Even before she was pregnant, Yolanda Marin-Czachor tried to avoid the full-body X-ray scanners that security officers use to screen airport passengers. Now she's adamant about it: She'll take a radiation-free pat-down instead any day.

"I had two miscarriages before this pregnancy," Ms. Marin-Czachor, a 34-year-old mother and teacher from Green Bay, Wis., recalled, "and one of the first things my doctor said was: 'Do not go through one of those machines. There have not been any long-term studies. I would prefer you stay away from it.' "

There are 244 full-body "backscatter" X-ray scanners in use at 36 airports in the United States. They operate almost nonstop, according to the Transportation Security Administration. Other airports use millimeter wave scanners, which look like glass telephone booths and do not use radiation, or metal detectors.

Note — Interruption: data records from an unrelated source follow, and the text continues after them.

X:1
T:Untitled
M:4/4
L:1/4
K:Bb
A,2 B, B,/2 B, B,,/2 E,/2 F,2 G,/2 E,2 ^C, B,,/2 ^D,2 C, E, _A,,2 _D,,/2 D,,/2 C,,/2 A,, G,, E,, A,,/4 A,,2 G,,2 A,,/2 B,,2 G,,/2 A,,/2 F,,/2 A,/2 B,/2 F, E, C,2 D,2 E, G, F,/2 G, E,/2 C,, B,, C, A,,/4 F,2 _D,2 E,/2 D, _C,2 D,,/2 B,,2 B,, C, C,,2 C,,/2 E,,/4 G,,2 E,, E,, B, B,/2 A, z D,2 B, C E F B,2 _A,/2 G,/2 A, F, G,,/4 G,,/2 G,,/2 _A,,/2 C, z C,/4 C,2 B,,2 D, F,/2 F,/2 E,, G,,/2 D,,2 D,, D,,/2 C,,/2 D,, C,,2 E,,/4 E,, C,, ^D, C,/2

Most experts agree that as long as the X-ray backscatter machines are functioning properly, they expose passengers to only extremely low doses of ionizing radiation.

But some experts are less sanguine, and questions persist about the safety of using X-ray machines on such a large scale. A recent study reported that radiation from the machines can reach organs through the skin. In another report, researchers estimated that one billion X-ray backscatter scans per year would lead to perhaps 100 radiation-induced cancers in the future. The European Union has banned body scanners that use radiation; it is against the law in several European countries to X-ray people without a medical reason.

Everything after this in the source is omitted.